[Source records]
**********

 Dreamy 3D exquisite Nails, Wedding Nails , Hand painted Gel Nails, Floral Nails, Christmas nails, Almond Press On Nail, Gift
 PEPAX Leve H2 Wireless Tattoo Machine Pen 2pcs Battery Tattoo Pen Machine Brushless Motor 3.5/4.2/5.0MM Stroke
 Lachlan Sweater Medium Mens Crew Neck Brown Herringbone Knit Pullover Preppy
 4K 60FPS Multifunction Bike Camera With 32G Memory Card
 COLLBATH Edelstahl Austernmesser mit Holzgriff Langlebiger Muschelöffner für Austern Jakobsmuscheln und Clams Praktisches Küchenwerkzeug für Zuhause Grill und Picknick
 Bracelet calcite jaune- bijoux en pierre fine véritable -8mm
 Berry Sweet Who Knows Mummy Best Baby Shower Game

**********

*TASK*
Without omitting anything, reproduce the whole of the data.

*YOUR SOLUTION*
 Dreamy 3D exquisite Nails, Wedding Nails , Hand painted Gel Nails, Floral Nails, Christmas nails, Almond Press On Nail, Gift
 PEPAX Leve H2 Wireless Tattoo Machine Pen 2pcs Battery Tattoo Pen Machine Brushless Motor 3.5/4.2/5.0MM Stroke
 Lachlan Sweater Medium Mens Crew Neck Brown Herringbone Knit Pullover Preppy
 4K 60FPS Multifunction Bike Camera With 32G Memory Card
 COLLBATH Edelstahl Austernmesser mit Holzgriff Langlebiger Muschelöffner für Austern Jakobsmuscheln und Clams Praktisches Küchenwerkzeug für Zuhause Grill und Picknick
 Bracelet calcite jaune- bijoux en pierre fine véritable -8mm
 Berry Sweet Who Knows Mummy Best Baby Shower Game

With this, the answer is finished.